The Smithsonian National African Art Museum has a lot in common with the Sackler Gallery. For one, they have entrances in the same area that mirror each other and they both have very small above-ground buildings that open to larger underground galleries. In fact, the African Art Museum and Sackler Gallery are connected by an underground walkway making them excellent touring partners.
The African Art Museum showcases art and artifacts from the continent of Africa, specializing in sub-Saharan Africa. It is one of the only museums in the United States that showcases exclusively African contemporary artists.
Almost all of the permanent collection is housed on Sublevel 1, the floor directly below the street level. The first thing you will see will be a familiar story to fans of our Walt Disney World section: The Disney-Tishman African Art Collection. When EPCOT Center was being designed there was a plan to create a World Showcase pavilion for Africa. (For the familiar, it would have been where the African Outpost currently sits.)
Unfortunately, the African pavilion never materialized, but the Disney company had purchased a massive collection of art from the Tishman family. Eventually, Disney donated the never-used collection to the Smithsonian. It includes hundreds of artifacts, some of which are still being restored by the museum. As part of the display you will see decorative bowls, pipes, and masks, the craftsmanship of which is fantastic.
Moving back across the mezzanine brings you to the African Mosaic galleries.
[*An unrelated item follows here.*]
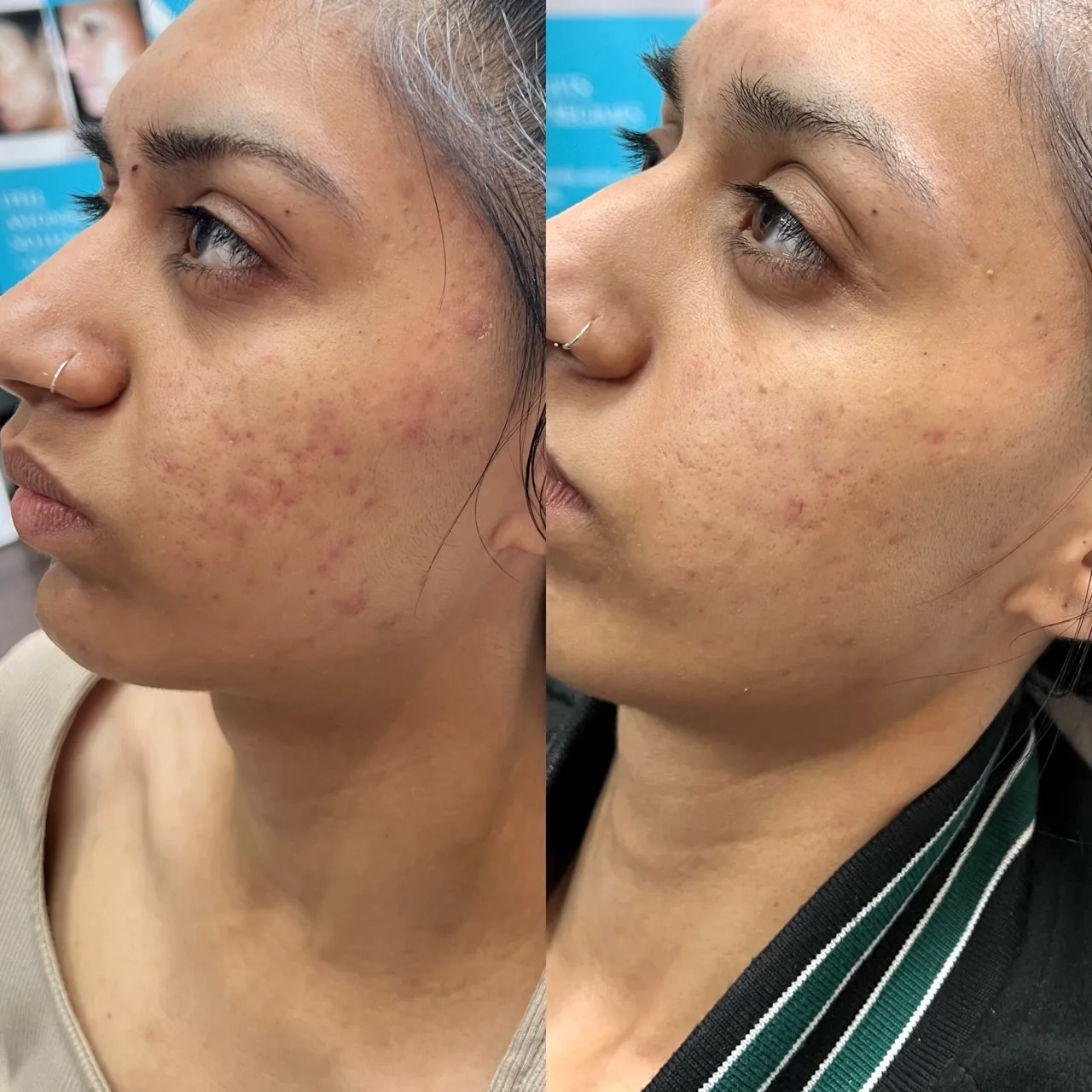 Chemical peels ultrasound colour Doppler result 2 at Harmony Medical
These are pieces from all of Africa across the centuries. Some of these include tapestries, weapons, musical instruments, and personal adornments, our favorite being massively oversized brass anklets whose discs must have resulted in sever unintentional bruising.
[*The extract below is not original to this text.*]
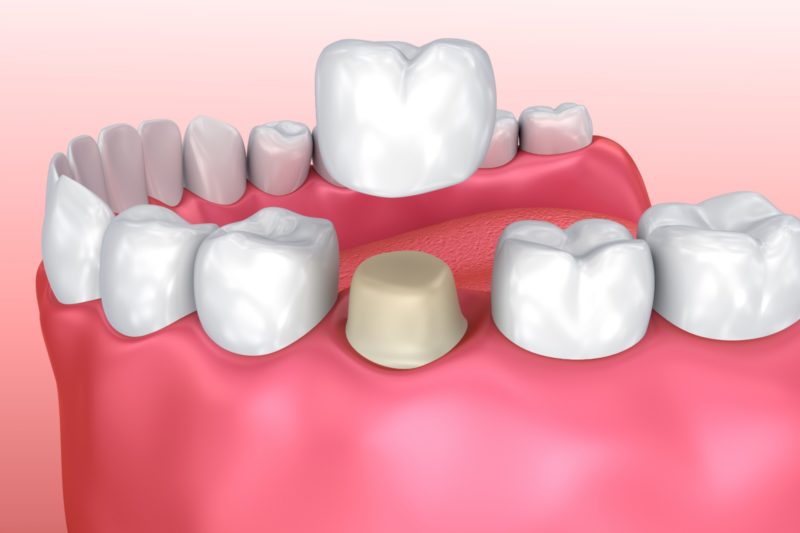 Dental crown installation process
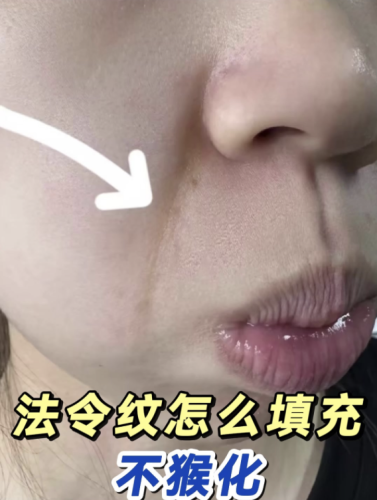 填法令纹后遗症什么材料好？材料选择与后遗症剖析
The final room of the permanent collection is the Sylvia H. Williams gallery which contains contemporary African art. One that caught our eye was a 6 foot tall recreation of a Nokia cell phone which turned out to be a coffin designed by a Ghanian fantasy coffin maker (not making this up). Apparently someone really liked their early 90s mobile phone.
The African Art Museum is currently turning their largest gallery on Sublevel 2 into Special Exhibition space. Expected to be completed in 2017, the museum is looking to have many rotating exhibitions, but hasn't actually announced any yet.
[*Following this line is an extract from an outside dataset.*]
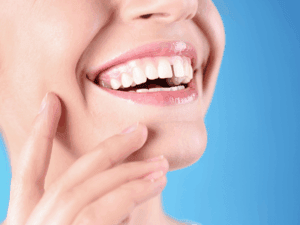 Teeth Gap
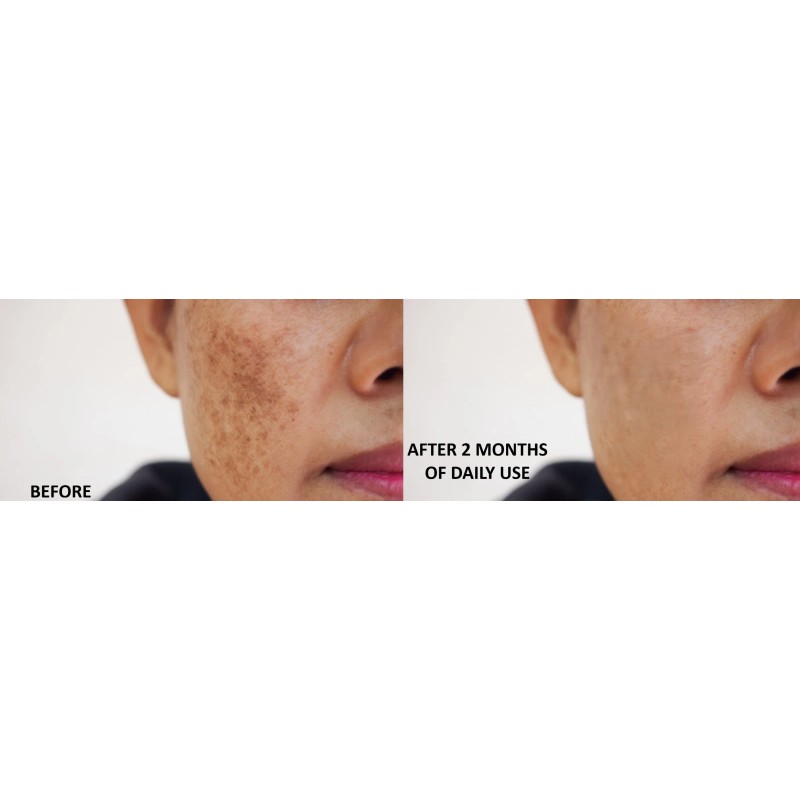 APLB Tranexamic Acid Niacinamide Cream & Serum Combo Melasma Dark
Wind Sculpture VII - Ongoing
Commissioned from internationally renowned artist Yinka Shonibare MBE, the installation is found at the entrance to the museum. The ship-sail shapes of Shonibare’s Wind Sculpture series evokes cross-continental connections—in history, in trade, in politics, in ideas, and in contemporary art.
Healing Arts - Ongoing
Greeting visitors in the museum’s entry pavilion, select pieces from the museum’s permanent collection reveal the skill and range of African artists who create art empowered to counter physical, social, and spiritual problems. Works of diverse materials and expressive styles might contain medicines, draw upon the power of the divine, or address such global issues as the HIV/AIDS crisis.
Currents: Water in African Art - Ongoing
Featuring artworks from the museum’s permanent collection, this exhibition proves that water is one of most potent forces on earth. Its currents flow through myths, metaphors, and rituals. Diverse and wide-ranging in material, time period, style, and intended use, the objects in this exhibition span the continent of Africa to explore the importance of water for both practical and artistic purposes.
Senses of Time: Video and Film-based Works of Africa - May 18, 2016 through March 26, 2017
Six internationally recognized African artists examine how time is experienced—and produced—by the body. Bodies stand, climb, dance, and dissolve in seven works of video and film art. These time-based works by Sammy Baloji, Theo Eshetu, Moataz Nasr, Berni Searle, Yinka Shonibare MBE, and Sue Williamson repeat, resist, and reverse the expectation that time must move relentlessly forward.